Leeds Magistrate’s Court heard that the former tenant was forced to sleep in a tent for three months without access to most of his belongings following the eviction, leaving him unable to work.
The Leeds landlord, Christopher Saville, sent text messages to the tenant asking if he intended to continue living at the property, after purchasing it five weeks earlier with the sitting tenant, who had recently signed a 12-month fixed term tenancy.
He then told the tenant that he wanted him to sign a new tenancy agreement, pay a full month’s rent and a deposit and he was changing the locks.
On his return from holiday the tenant found that the external gate had been padlocked and the entrance door to the flat had been locked from the inside, effectively leaving him homeless and without access to personal belongings including his DJ equipment which he needed to work.
Saville only agreed to give back the tenant’s belongings if he handed over the keys, which he therefore felt he had no option but to do. Saville stated that he considered this as termination of the pre-existing tenancy agreement.
Despite this agreement the landlord only allowed the tenant to return to the flat a few times and take what he could carry meaning he lost the vast majority of his possessions.
The tenant approached Leeds City Council Housing Options alleging illegal eviction, and the council decided that there were reasonable grounds to believe Saville had intent to unlawfully evict the tenant.
The Leeds landlord was brought before Leeds Magistrates Court last week and sentenced to 20 weeks custody suspended for 12 months, 250 hours unpaid work and £1,000 compensation. Saville was also banned from contacting the tenant indefinitely.

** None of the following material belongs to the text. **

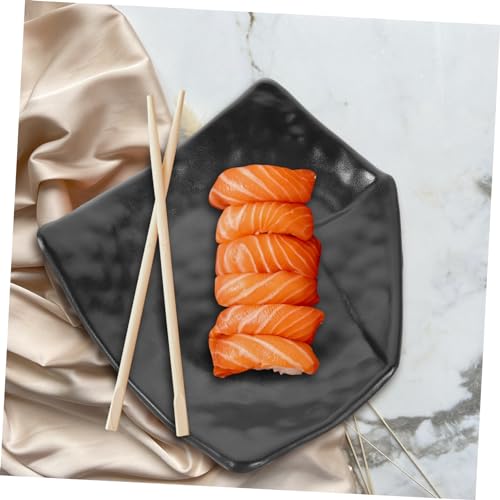 Plato sushi decorativo melamina negro 23x19x5 cm miniatura 2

Leeds City Council’s executive member for communities, Cllr Debra Coupar, said: ‘It is our priority is to ensure residents have a secure home to live in. There is a wide range of help and support available for landlords to ensure they fully understand the rules and regulations that keep them and their tenants safe and tenancies and contracts legally sound. This conviction is a clear warning that we refuse to stand by when landlords do not follow these rules and we are dedicated to ensuring the welfare, safety and security of all tenants in Leeds.’